___ EXERCISE DATA

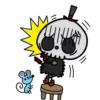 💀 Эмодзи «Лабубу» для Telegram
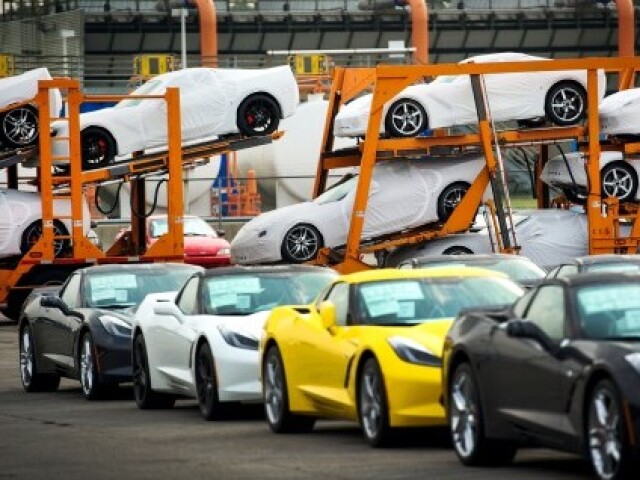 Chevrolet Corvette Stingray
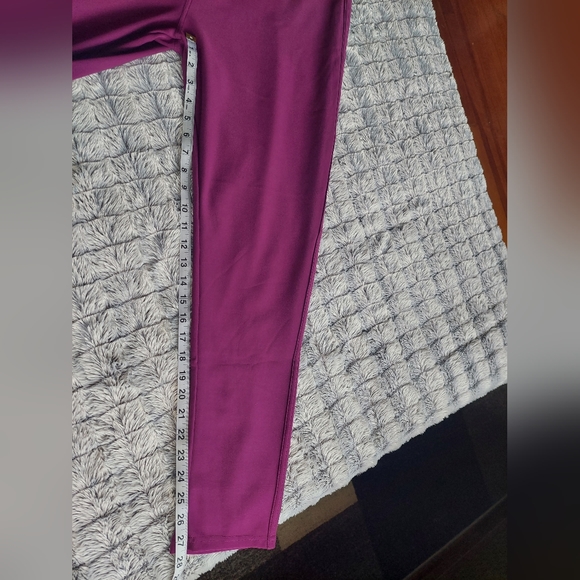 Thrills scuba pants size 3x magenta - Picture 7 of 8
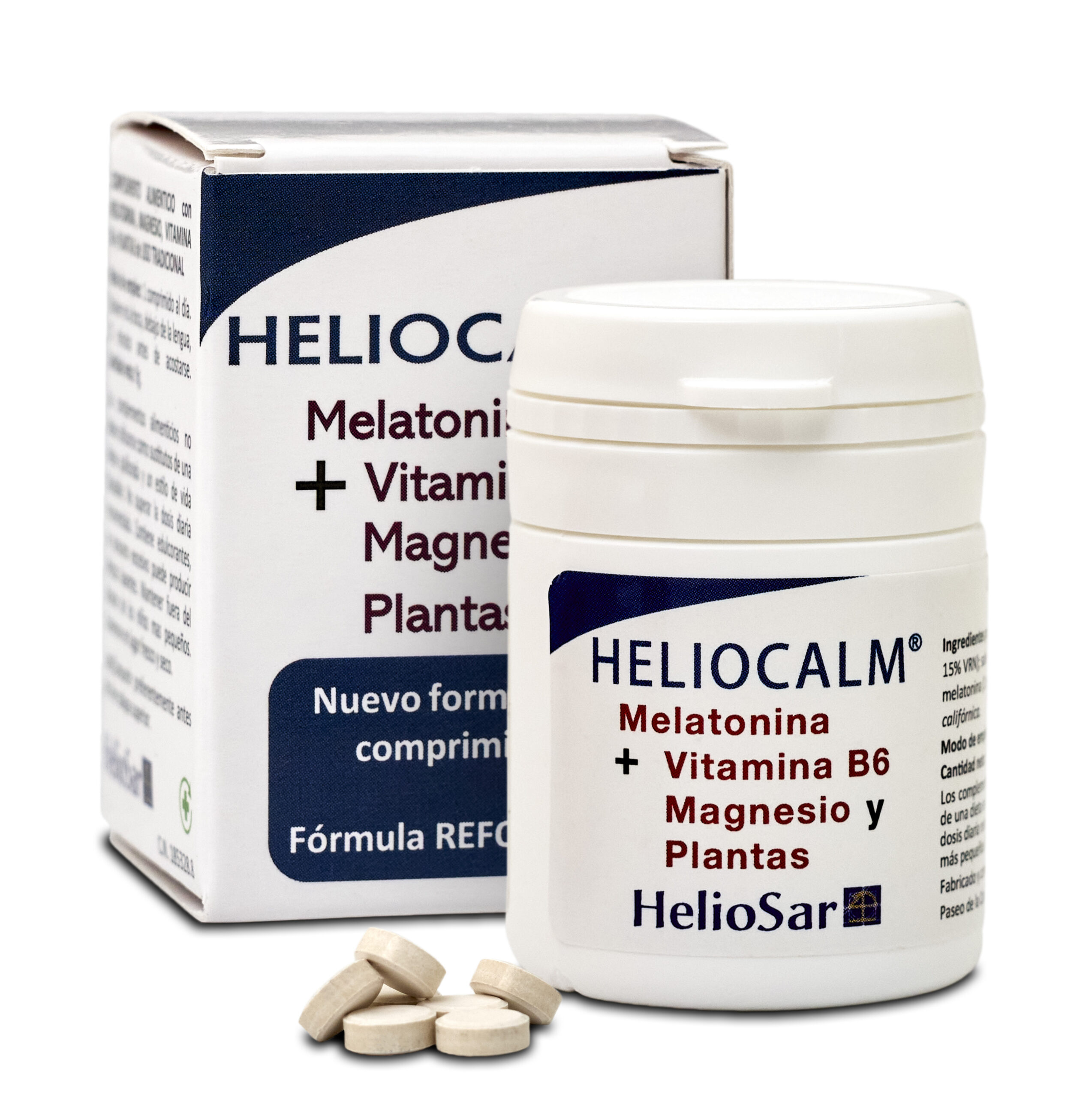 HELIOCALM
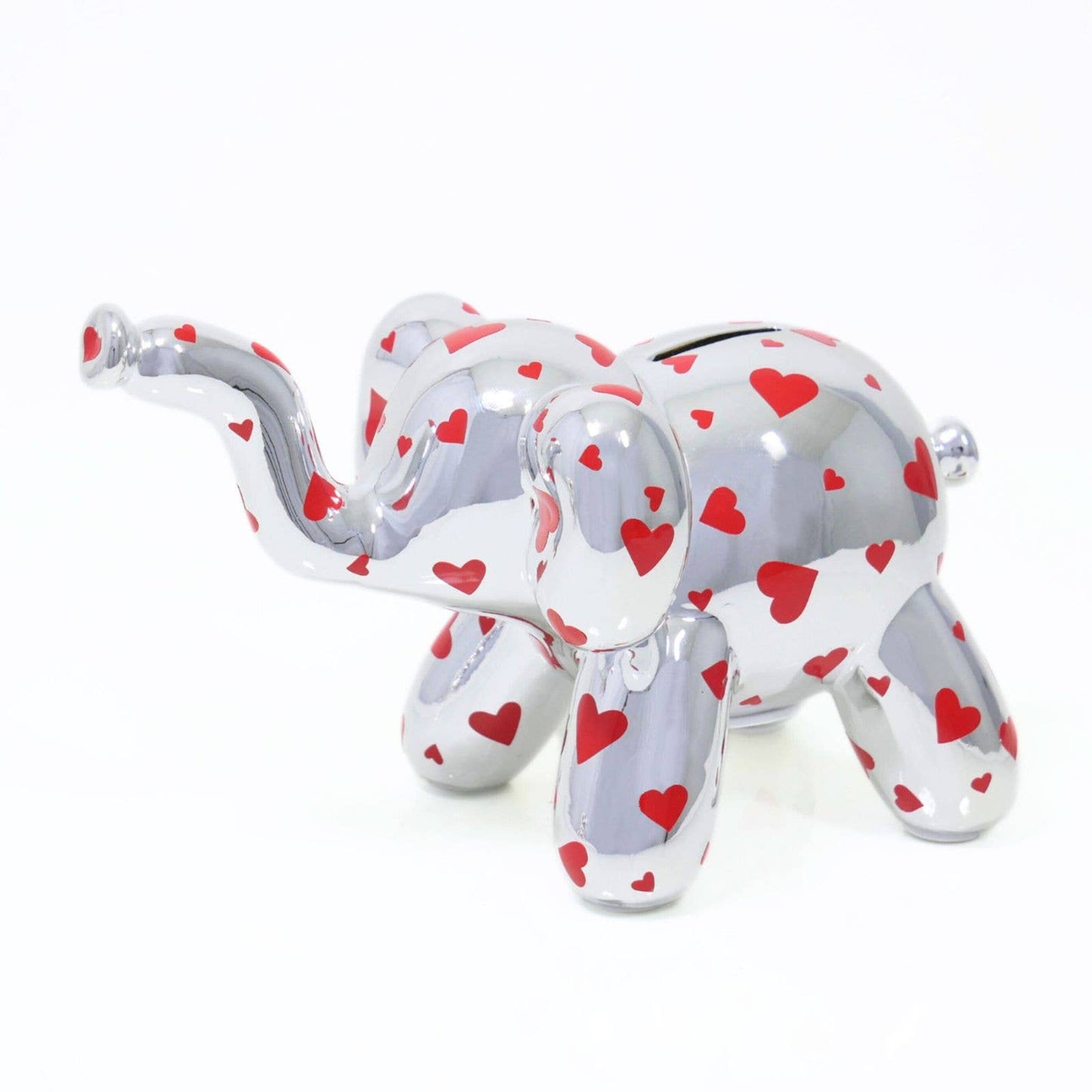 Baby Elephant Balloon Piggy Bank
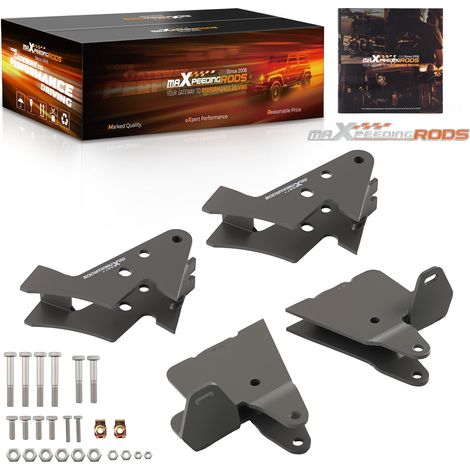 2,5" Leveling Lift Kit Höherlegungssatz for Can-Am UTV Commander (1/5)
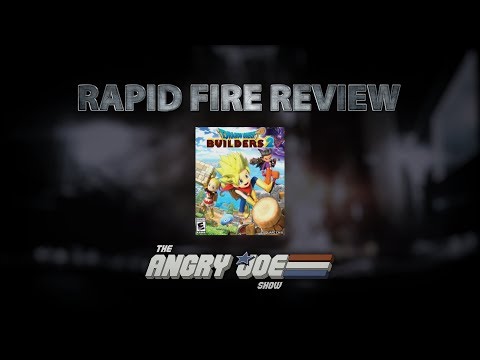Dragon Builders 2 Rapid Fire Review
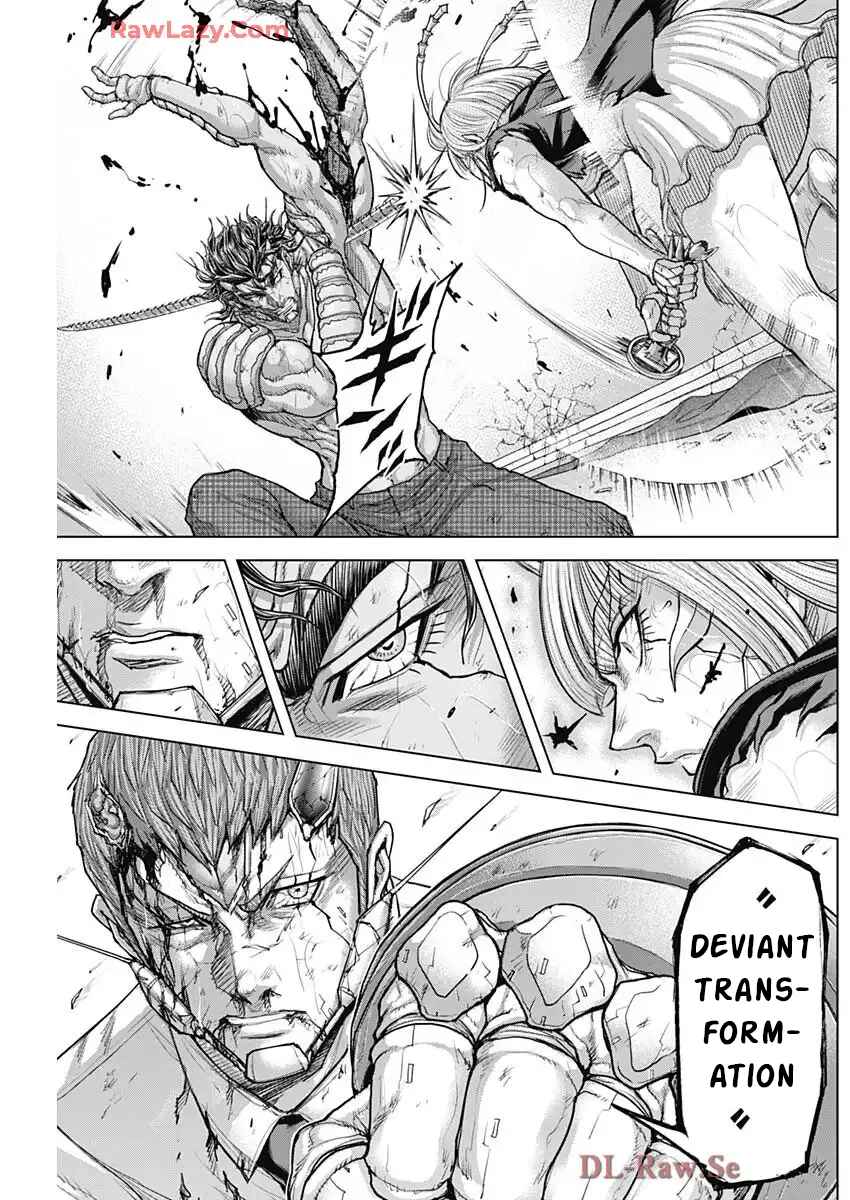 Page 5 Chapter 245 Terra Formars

______

## EXERCISE DETAILS
Render the records above word for word and leave the pictures out.

## ANSWER TO THIS EXERCISE
 💀 Эмодзи «Лабубу» для Telegram
 Chevrolet Corvette Stingray
 Thrills scuba pants size 3x magenta - Picture 7 of 8
 HELIOCALM
 Baby Elephant Balloon Piggy Bank
 2,5" Leveling Lift Kit Höherlegungssatz for Can-Am UTV Commander (1/5)
Dragon Builders 2 Rapid Fire Review
 Page 5 Chapter 245 Terra Formars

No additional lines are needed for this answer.